Indexing this folder is too slow, any way to cache the index?

See post above and use the cache backend if you want to cache things.

ok, thanks. so cache might work for rclone copy --include?

It’s a remote so you’d use the cache remote instead, which ‘caches’ all the information.

thanks. I think I got cache to work now. but it’s still really slow using rclone copy with --include and --cache-db-path. it uses several minutes to find a build (installer). anything I am missing?

–checkers 1000000 really speeds things up, but it still takes more than 5 minutes. a google drive search for the same build number would take 1 second. rclone.exe is using 60% cpu so I’m not sure what else to increase.

Can you share more details as to what command you are running, the logs in debug of the output?

Here is a few seconds of the log (becomes too big):
https://drive.google.com/open?id=1adiY-CWlRSHbaA3mWAMEEupLVzcBNYtO

I basically download the cache first (it is created nightly using task scheduler on a different computer):
“C:\Users\mel\Google Drive\Code\Pyjama\Addons\Software\rclone\rclone.exe” copy “Drive:/Viz Mosart/Viz Mosart Project & Support/Installers/Cache” “C:\Users\mel\Google Drive\Code\Pyjama\Cache\DriveCache” -vv --progress --stats-one-line --transfers 5 --update --config “C:\Users\mel\Google Drive\Code\Pyjama\Addons\Software\rclone\rclone.conf”

I then search the case using rclone copy --include:
“C:\Users\mel\Google Drive\Code\Pyjama\Addons\Software\rclone\rclone.exe” copy “DriveCache:/” “C:\Users\mel\Google Drive\Code\Pyjama\Downloads\Drive” -vv --progress --stats-one-line --include {25022} --ignore-case --transfers 10 --checkers 1000000 --log-file “C:\Testlog.txt” --cache-db-path “C:\Users\mel\Google Drive\Code\Pyjama\Cache\DriveCache” --config “C:\Users\mel\Google Drive\Code\Pyjama\Addons\Software\rclone\rclone.conf”
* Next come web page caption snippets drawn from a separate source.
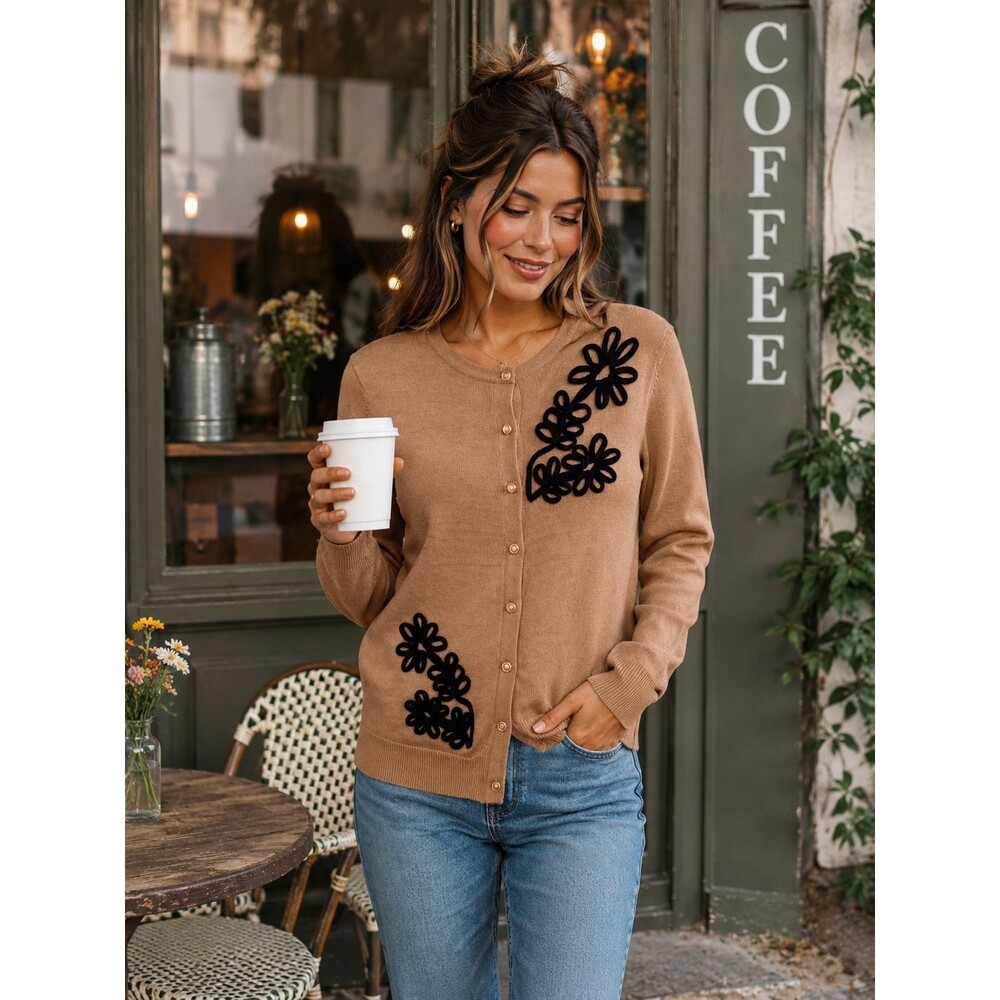 NWT Tan Floral Appliqué Cardigan Sweater Button Front Knit Quiet Luxury Sz PL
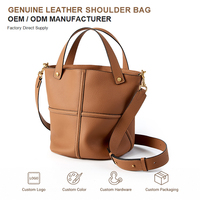 Sac seau bandoulière en cuir pleine fleur de qualité supérieure, léger et tendance pour femme, idéal pour les voyages et le quotidien - En stock (ODM)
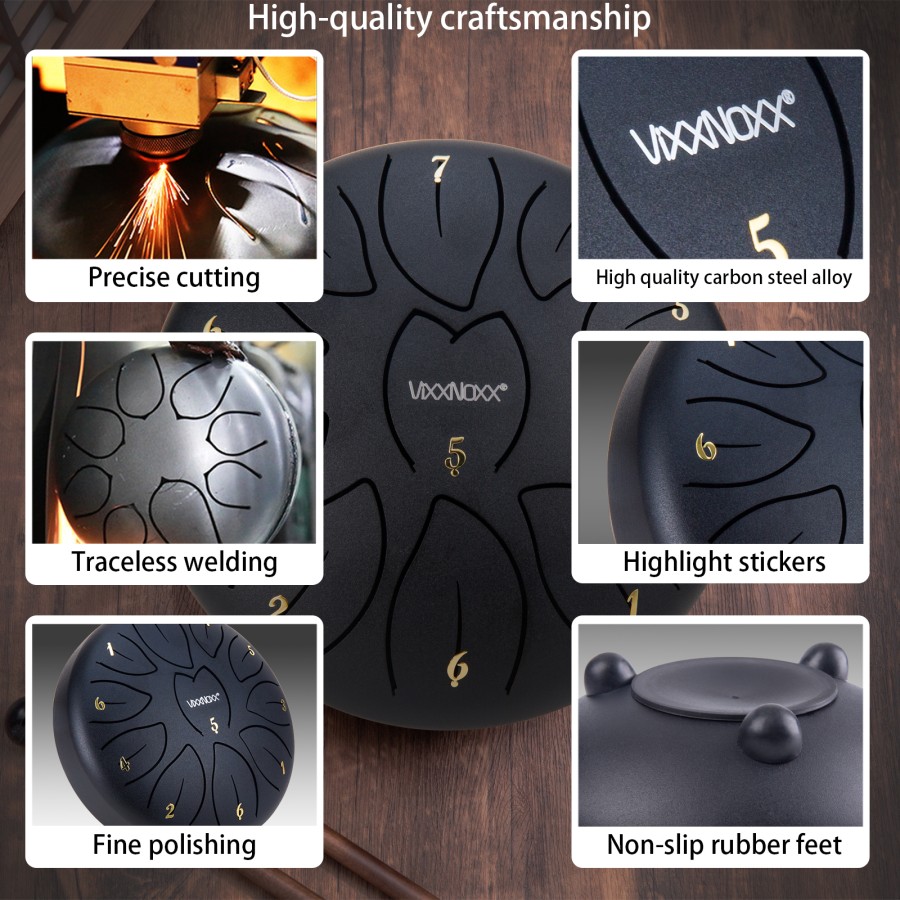 Steel Tongue Drum, 6 Inch 11 Note Rain Drum for Outside Garden, Chakra Tank Drum Rain Chime, Handpan C Key Musical Percussion Instrument Kit with Bag Mallets (Black) Steel Tongue Drum, 6 Inch 11 Note Rain Drum for Outside Garden, Chakra Tank Drum Rain Chime, Handpan C Key Musical Percussion Instrument Kit with Bag Mallets (Black)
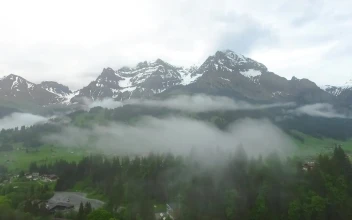 Free Video Stock Snow Topped Mountains And Mist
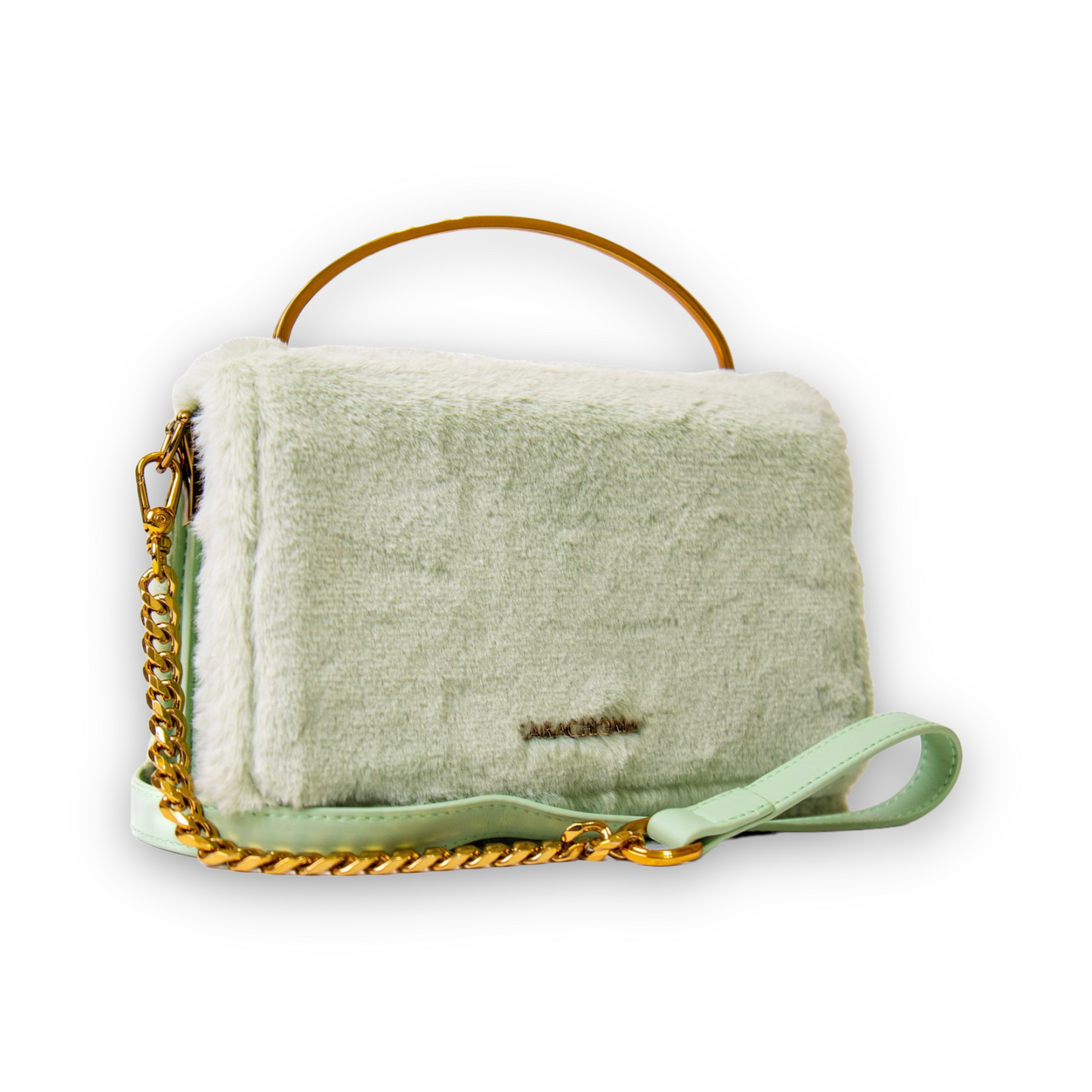 Winnie Mini Front Flap Top Handle bag in Seafoam green mint rabbit fur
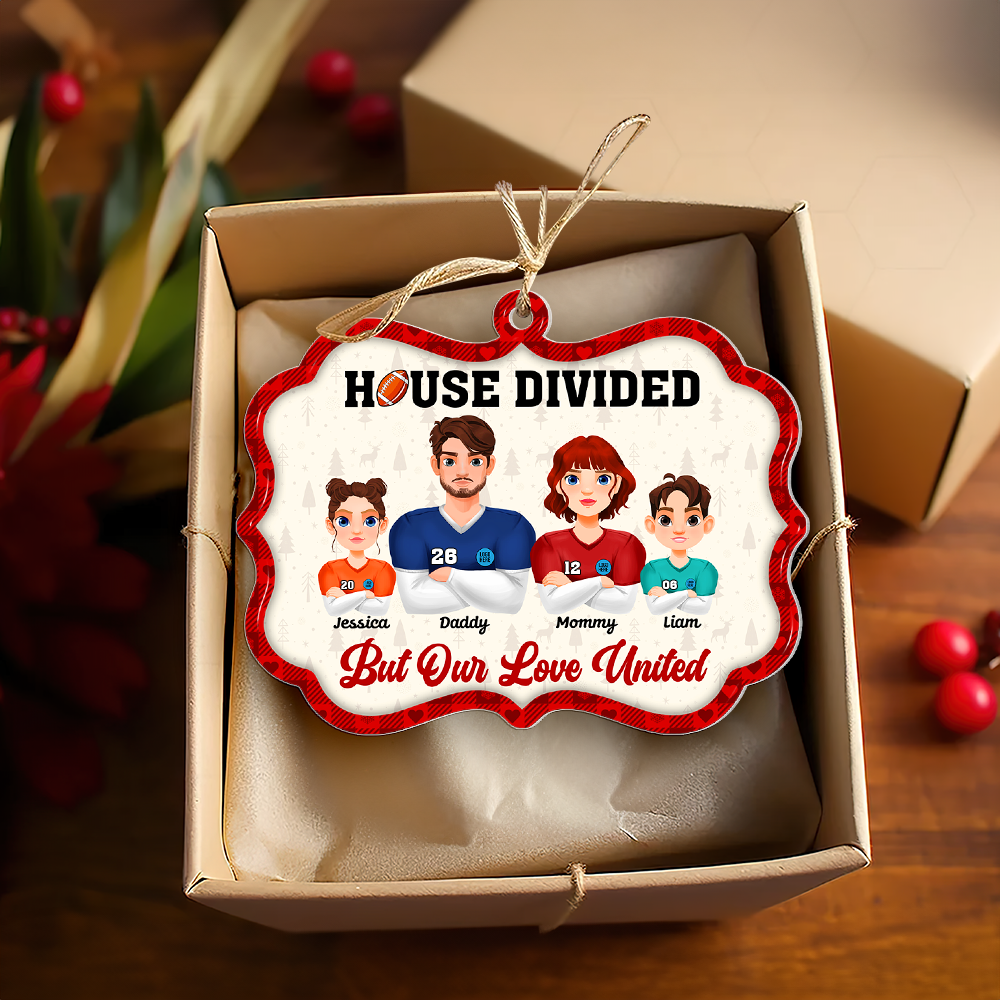 Personalized Football Family Christmas Ornament - House Divided, Love United Ornament PopCulturePrints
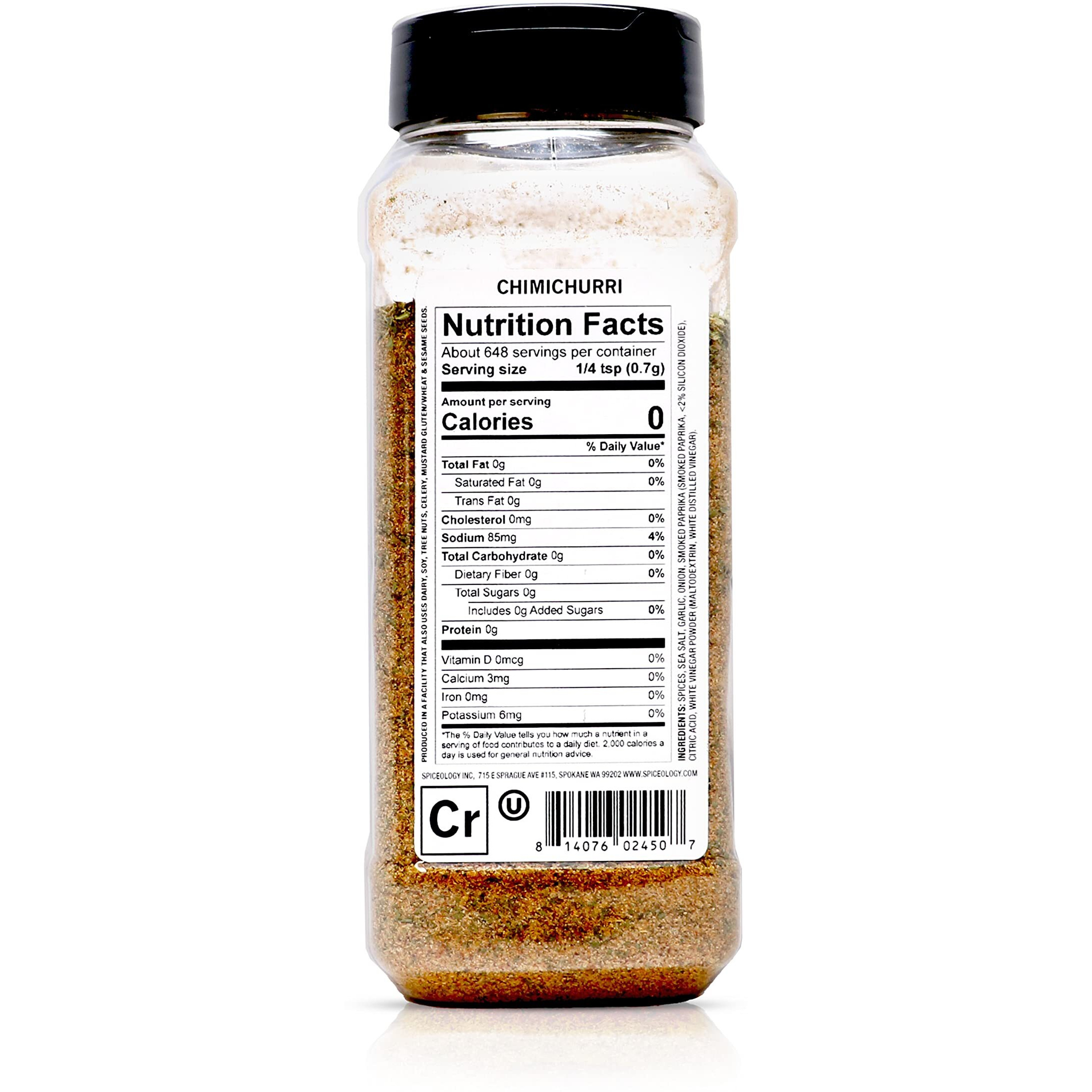 Spiceology - Chimichurri - Use On Pork, Fish, Vegetables, Chicken, Steak - Bbq Rub - Spices And Seasonings - 16 Oz
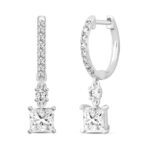LADIES EARRINGS 1 1/4CT PRINCESS/ROUND DIAMOND 14K WHITE GOLD (CENTER STONE PRINCESS DIAMOND 1CT) - Image 2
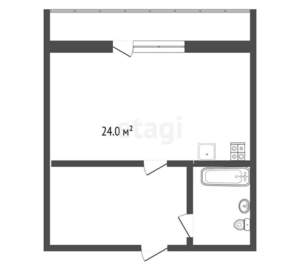 Студия квартира, вторичка, 24м2, 2/10 этаж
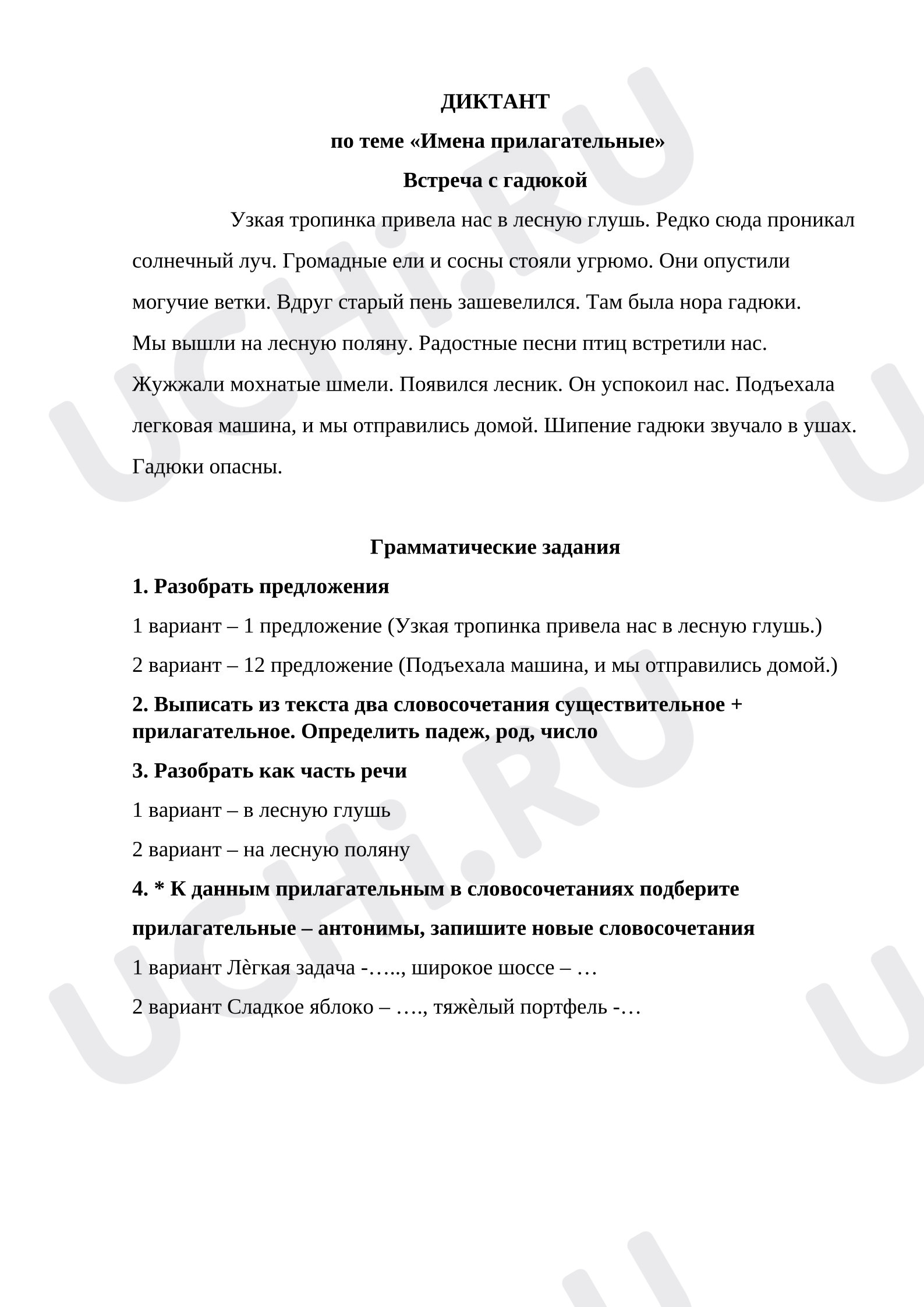 Предпросмотр материала Диктант к уроку русского языка по теме "Имя прилагательное"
But it takes too long for my use case (even with cache). There’s 1tb of installers. Cache file is about 250MB. It takes several hours to create.

Your chunk size is 1G which means each time is does anything, it has to transfer 1GB chunk. This should be something much smaller like 32M or 64M.

If you are using Google Drive, those settings are going to be pretty bad as you can only do 10 transactions per second and create roughly 3 files per second.

You’d want to use --fast-list if you have memory for it as well as that would help and you need to ‘walk’ the remotes so you can get a full cache list built out.

I’d bump up the cache workers to 8 and make the transfers and checkers more realistic like 5 / 8.

Thanks. I don’t think --fast-list works for reading cache, only writing it. I could be wrong, but it seems very slow. I assume by workers you mean -cache-workers 8?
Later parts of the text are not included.